For more info, please refer to http://www.pereza.info/es/blog/traffic-shaping-and-layer-2-overhead

2013年8月14日星期三

Can't ping with BGP in GNS3 lab environment

Question:

Here is a section Cisco 3945 of my BGP lab inside GNS3:

My issue is not being able to ping anything on R5 from R2 even though R2 is recieving the routes from R5 and has placed them in it's routing table.

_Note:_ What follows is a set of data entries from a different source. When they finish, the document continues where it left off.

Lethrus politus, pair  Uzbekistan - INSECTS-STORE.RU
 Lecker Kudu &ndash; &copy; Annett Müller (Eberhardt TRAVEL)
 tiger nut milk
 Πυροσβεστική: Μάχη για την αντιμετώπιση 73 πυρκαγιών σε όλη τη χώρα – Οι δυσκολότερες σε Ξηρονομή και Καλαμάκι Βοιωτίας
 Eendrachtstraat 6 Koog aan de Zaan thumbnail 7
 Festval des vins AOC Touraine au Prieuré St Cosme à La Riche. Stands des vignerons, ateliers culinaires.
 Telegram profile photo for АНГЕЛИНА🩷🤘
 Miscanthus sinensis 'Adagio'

Thanks in advance for any help or advice!

-Steve

**********************************

R2#sho ip bgp

BGP table version is 5, local router ID is 10.1.96.2

Status codes: s suppressed, d damped, h history, * valid, > best, i - internal,

r RIB-failure, S Stale

Origin codes: i - IGP, e - EGP, ? - incomplete

Network Next Hop Metric LocPrf Weight Path

* i150.1.50.0/24 10.1.36.2 0 700 0 777 711 911 ?

*> 10.1.24.2 0 777 911 ?

* i150.2.50.0/24 10.1.36.2 0 700 0 777 711 911 ?

*> 10.1.24.2 0 777 911 ?

* i200.50.2.0 10.1.36.2 0 700 0 777 711 i

*> 10.1.24.2 0 777 911 711 i

* i200.60.2.0 10.1.36.2 0 700 0 777 711 i

*> 10.1.24.2 0 777 911 711 i

R2#sho ip route

Gateway of last resort is not set

B 200.50.2.0/24 [20/0] via 10.1.24.2, 00:23:17

B 200.60.2.0/24 [20/0] via 10.1.24.2, 00:23:17

10.0.0.0/24 is subnetted, 3 subnets

C 10.1.12.0 is directly connected, Serial0/0

C 10.1.24.0 is directly connected, Serial0/2

C 10.1.96.0 is directly connected, Serial0/1

150.1.0.0/24 is subnetted, 1 subnets

B 150.1.50.0 [20/0] via 10.1.24.2, 00:23:17

150.2.0.0/24 is subnetted, 1 subnets

B 150.2.50.0 [20/0] via 10.1.24.2, 00:23:17

R2#ping 150.1.50.1

Type escape sequence to abort.

Sending 5, 100-byte ICMP Echos to 150.1.50.1, timeout is 2 seconds:

.....

Success rate is 0 percent (0/5)

R2#trace 150.1.50.1

Type escape sequence to abort.

Tracing the route to 150.1.50.1

1 10.1.24.2 52 msec 44 msec 24 msec

2 * * *

^ so the ping make it to the next AS but stops there

R2#sho run

Building configuration...

Current configuration : 1183 bytes

version 12.4

service timestamps debug datetime msec

service timestamps log datetime msec

no service password-encryption

hostname R2

boot-start-marker

boot-end-marker

no aaa new-model

memory-size iomem 5

ip cef

no ip domain lookup

ip domain name lab.local

interface Serial0/0

ip address 10.1.12.2 255.255.255.0

clock rate 64000

interface Serial0/1

ip address 10.1.96.2 255.255.255.0

clock rate 64000

interface Serial0/2

ip address 10.1.24.1 255.255.255.0

clock rate 64000

router bgp 5500

no synchronization

bgp log-neighbor-changes

neighbor 10.1.12.1 remote-as 5500

neighbor 10.1.12.1 next-hop-self

neighbor 10.1.24.2 remote-as 777

neighbor 10.1.96.1 remote-as 5500

no auto-summary

no ip http server

no ip http secure-server

control-plane

line con 0

exec-timeout 0 0

privilege level 15

logging synchronous

line aux 0

exec-timeout 0 0

privilege level 15

logging synchronous

line vty 0 4

Answer:

You will need to enable some sort of internal routing protocol on your routers if they were in the same AS or configure static routing between them in case they were in different Autonomous Systems.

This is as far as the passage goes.